It’s been warm, and that means consumers have been buying more drinks, at least in convenience.
That’s the topline takeaway from a note supplied by Bonnie Herzog, managing director of beverage, tobacco and consumer research for Wells Fargo Securities. Today Herzog released research derived from a poll of beverage retailers.The survey represents “tens of thousands of convenience store locations across the country” and offers some interesting insights into the overall performance of many individual beverage categories.
Here are some of the key macro-trends, according to Herzog’s report:
Energy volume is growing at the expense of CSD volume.
- Pricing is up 2 to 3 percent in convenience (“it appears that retailers are generally succeeding in passing through price increases, as… over half of the retailers increased their prices anywhere from 1 to 3 percent and higher).

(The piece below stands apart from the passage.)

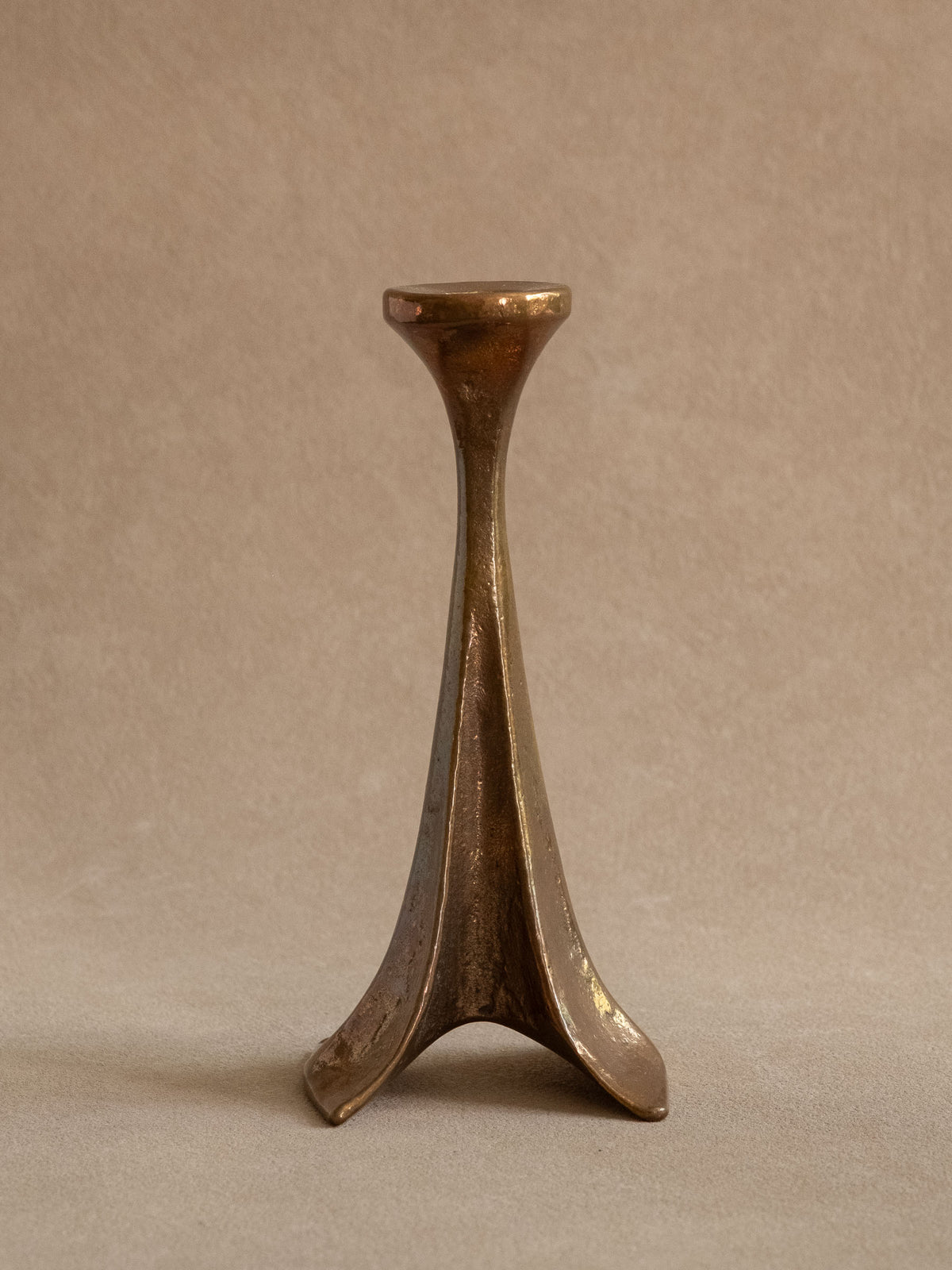 Front view of a Michael Harjes single-stem bronze candleholder, Germany, c. 1960s–70s, with tripod base.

- That noted, however, Herzog wrote that the 12.5 oz. Coca-Cola “hand-held” package isn’t pleasing retailers yet at a typical $0.89 price point – it creates lower penny profit – although that price may migrate upwards along with the rest of the Coke pricing architecture.
- The Gatorade DSD experiment has thus far been a win for PepsiCo (“Many retailers reported positive momentum for the brand,” according to Herzog). Pepsi NEXT, however, has not (“While still early, the initial reaction to Pepsi Next from our survey respondents was uninspiring. The general view is that the product isn’t receiving additional cold vault space despite expectations for heavy promotional activity to generate solid sales velocity.”)
- Monster Rehab continues to be a big opportunity for the company – it represents between 6 and 20 percent of the Monster energy volume for nearly 60 percent of the respondents — and Monster overall has been well-supported in its distribution relationship with Coca-Cola Refreshments.